WHAT THE TASK ASKS | Repeat exactly the lines of the records below, starting at the line containing "Mystical Wildflower Snake Crop Fleece Hoodie" and ending at the line containing "Tenebrashaded-Schriftart – Weiße". Leave the pictures out.

DATA |
<<<<

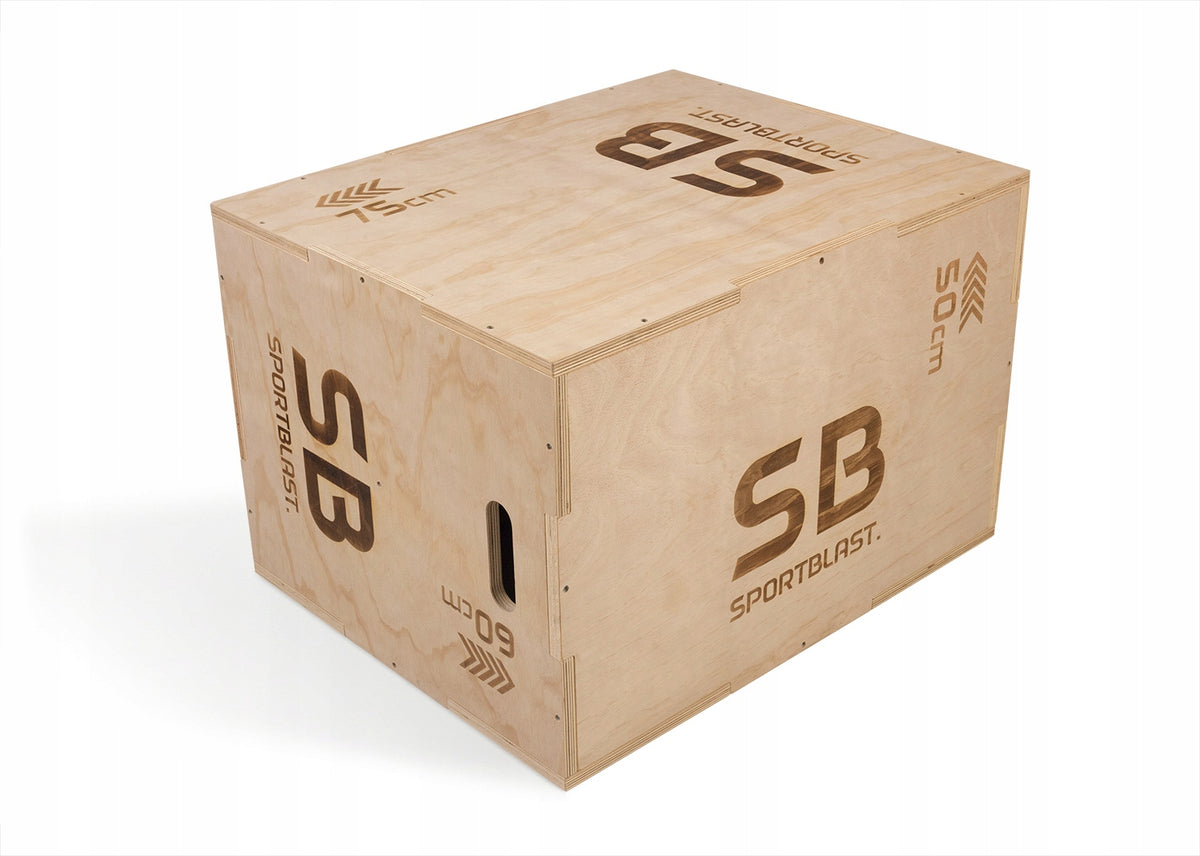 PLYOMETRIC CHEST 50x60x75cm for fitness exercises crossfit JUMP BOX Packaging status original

>>>>
<<<<

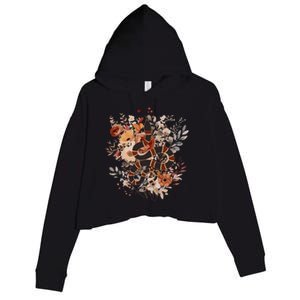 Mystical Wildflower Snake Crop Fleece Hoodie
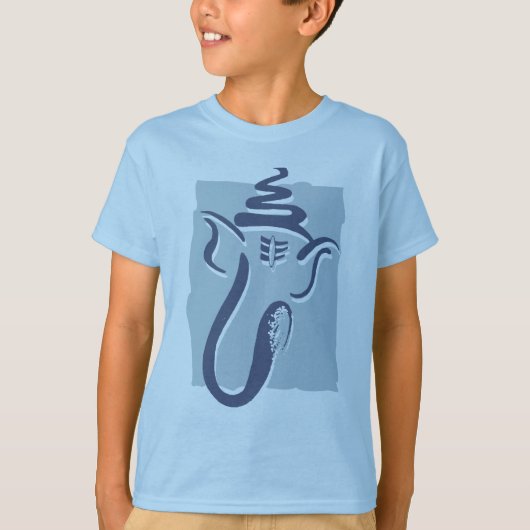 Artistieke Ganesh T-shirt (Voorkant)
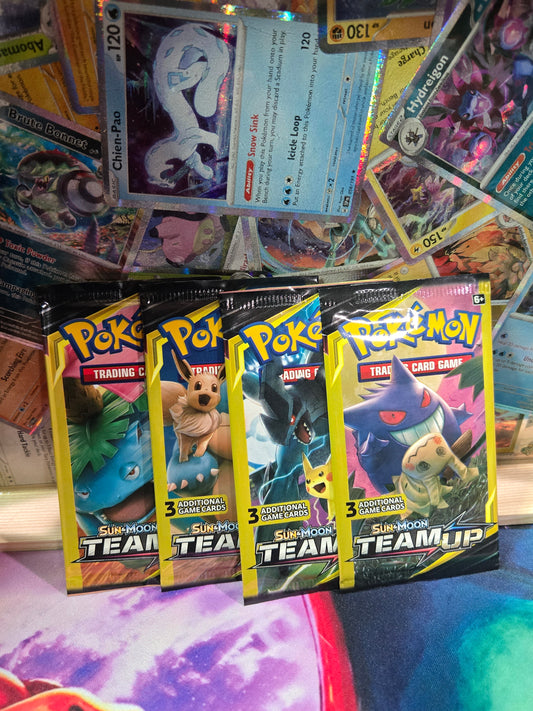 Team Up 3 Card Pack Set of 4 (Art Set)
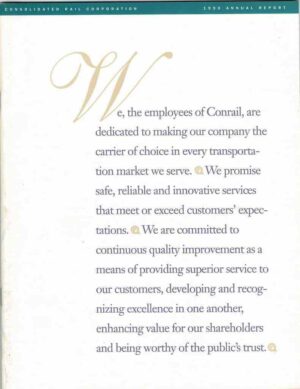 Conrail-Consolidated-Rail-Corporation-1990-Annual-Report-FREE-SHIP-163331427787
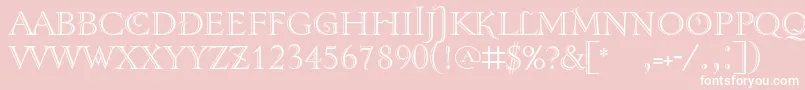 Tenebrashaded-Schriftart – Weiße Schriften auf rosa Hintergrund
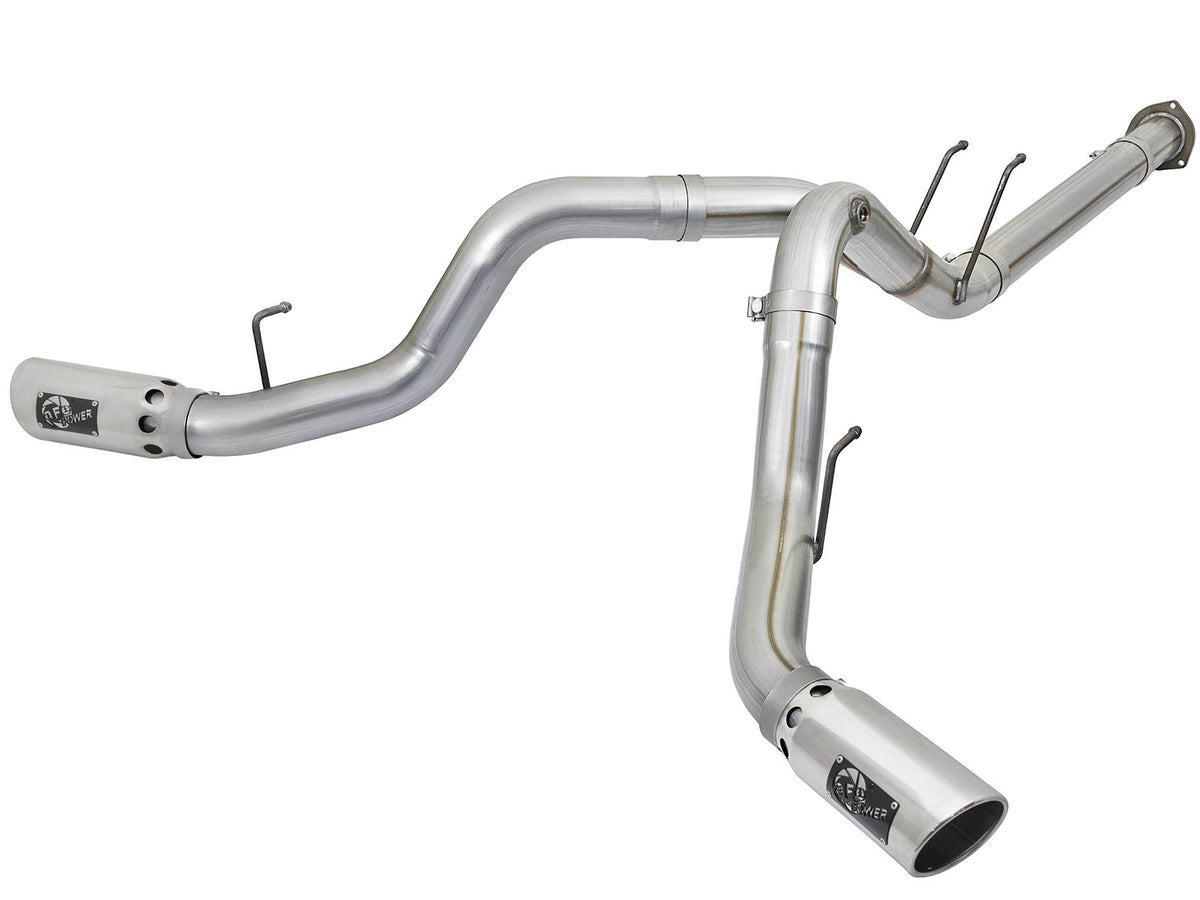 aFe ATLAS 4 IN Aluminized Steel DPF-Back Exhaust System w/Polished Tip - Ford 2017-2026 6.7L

>>>>
<<<<

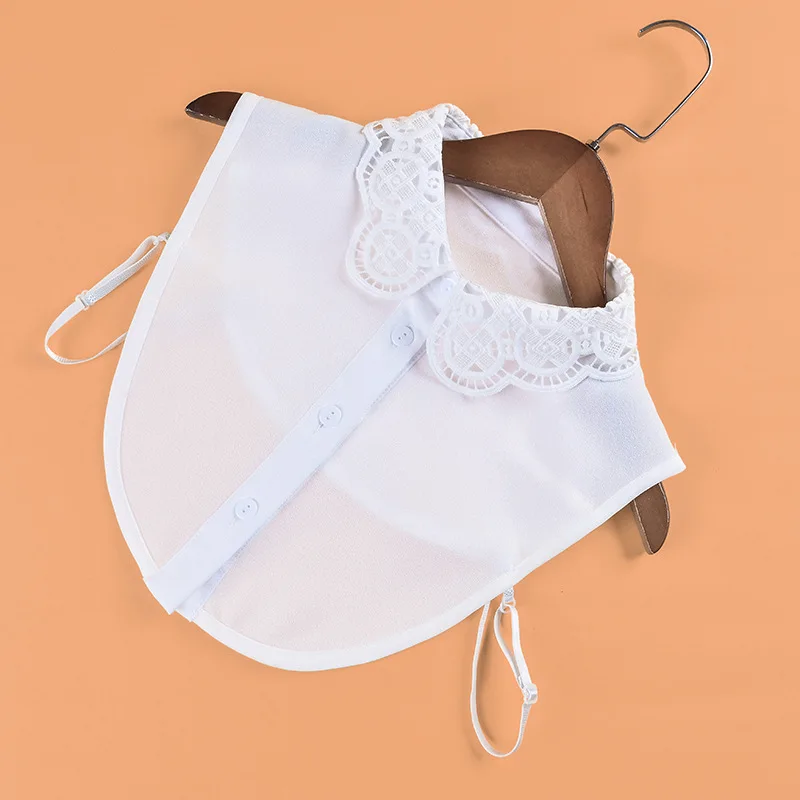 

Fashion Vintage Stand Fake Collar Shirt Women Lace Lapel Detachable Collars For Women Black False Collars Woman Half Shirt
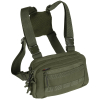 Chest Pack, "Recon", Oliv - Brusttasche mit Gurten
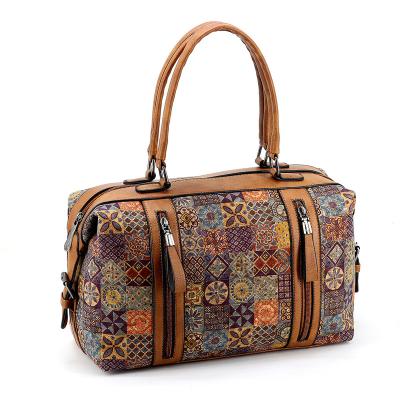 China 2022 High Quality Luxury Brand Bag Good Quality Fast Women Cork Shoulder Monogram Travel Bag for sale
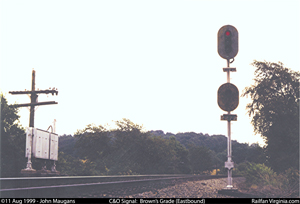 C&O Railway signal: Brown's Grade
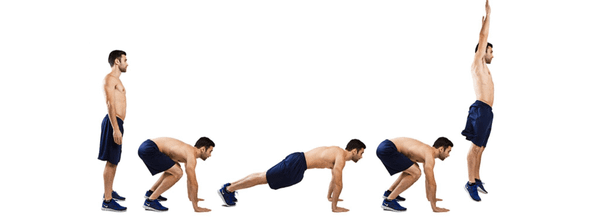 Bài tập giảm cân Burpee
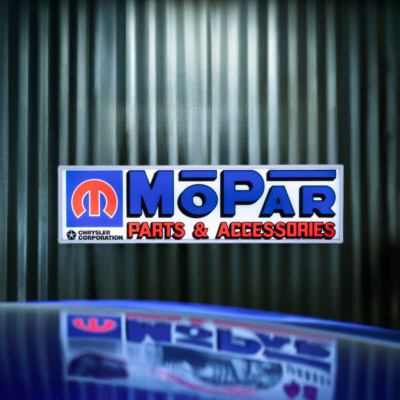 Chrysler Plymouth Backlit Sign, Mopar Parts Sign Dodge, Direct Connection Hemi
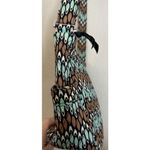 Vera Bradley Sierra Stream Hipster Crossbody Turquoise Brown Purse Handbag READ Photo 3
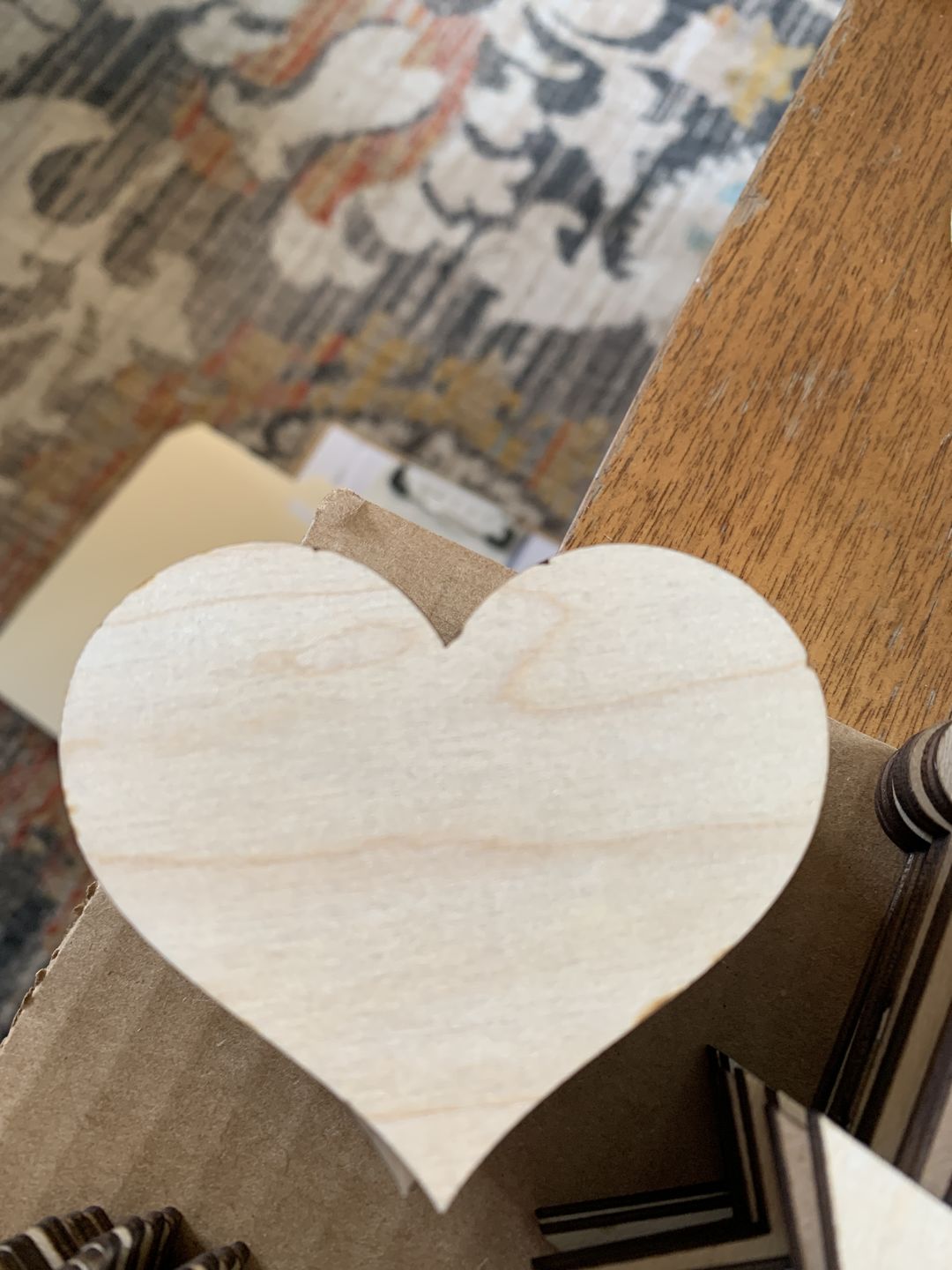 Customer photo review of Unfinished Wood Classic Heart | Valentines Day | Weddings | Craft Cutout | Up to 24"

>>>>

YOUR SOLUTION |
 Mystical Wildflower Snake Crop Fleece Hoodie
 Artistieke Ganesh T-shirt (Voorkant)
 Team Up 3 Card Pack Set of 4 (Art Set)
 Conrail-Consolidated-Rail-Corporation-1990-Annual-Report-FREE-SHIP-163331427787
 Tenebrashaded-Schriftart – Weiße Schriften auf rosa Hintergrund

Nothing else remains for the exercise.